For the second time in less than a year, former Sands China Ltd. CEO Steven Jacobs is heading into a sanctions hearing with his one-time employer and affiliate Las Vegas Sands Corp.
A hearing Thursday focused on whether Sands had turned over the evidence that Jacobs has requested to back his argument that his wrongful termination case should be heard in Clark County District Court rather than be transferred to Macau.
Through the tens of thousands of emails and other documents at stake, Jacobs hopes to prove that Las Vegas Sands had practical control over the Macau operations, clearing the hurdle for local jurisdiction.
After expressing concerns that Sands had not complied with previous orders to produce the documents, Clark County District Judge Elizabeth Gonzalez set a hearing starting May 13 to decide whether to issue any punishment.
In September, she imposed a set of penalties, including a $25,000 fine, after company lawyers spent months telling her that Macau law precluded them from turning over electronically stored documents, only to find out that they also existed in Las Vegas.
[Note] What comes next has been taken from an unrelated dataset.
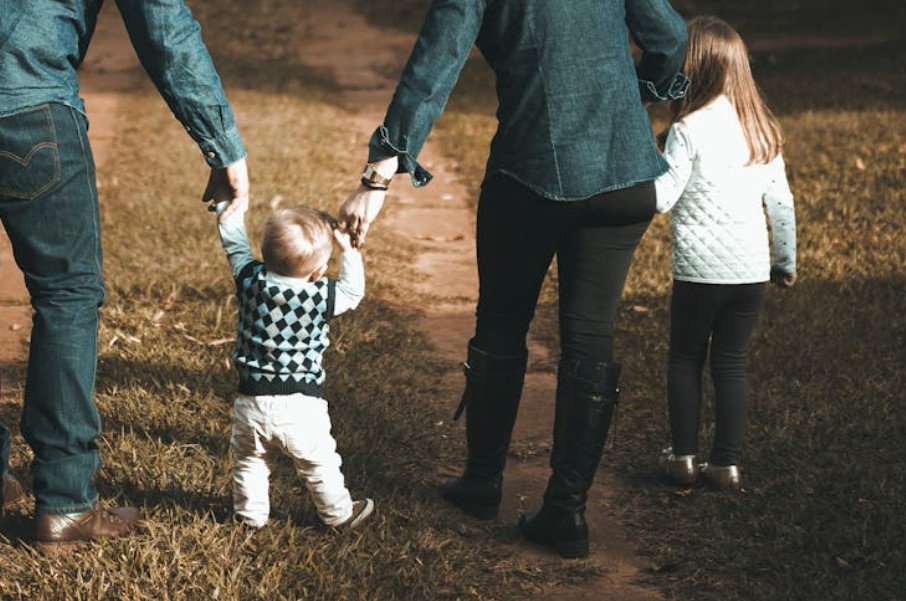 夢見繼子女 ：7 個意義和象徵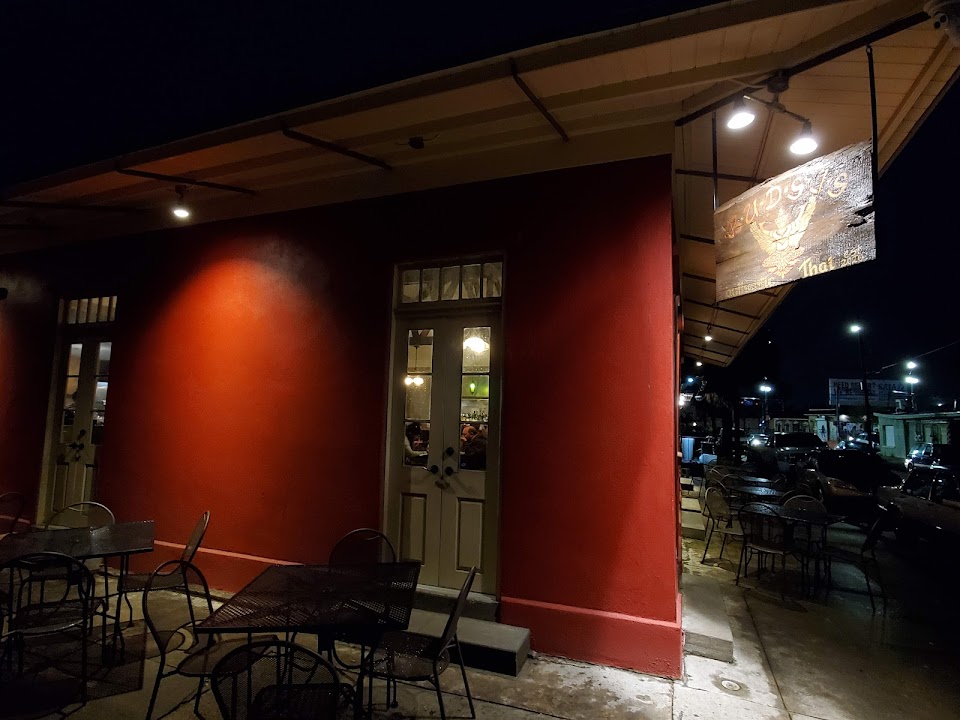 Budsi’s Authentic Thai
Sands had turned over very little of what was requested and blacked out numerous sections of what it did, Jacobs’ attorney James Pisanelli said, continuing a stalling tactic. He pressed for the declaration of a default judgment, which would give Jacobs a win without further litigation.
“What I think we need to do to cure the poison, to fix the corruption that has occurred in this case, is simply give (Sands) what they have so obviously been asking of you for going on two-plus years now, a default judgment,” he said. “They would rather have that than the consequences of shining a light on their company.”
But Sands attorney Randall Jones said the company had spent more than $4 million to come up with nearly 200,000 pages of material.
“It is a massive amount of information from my perspective,” he said.
Jacobs’ strategy, he added, was to try to win the case at a preliminary stage rather than go through a full trial.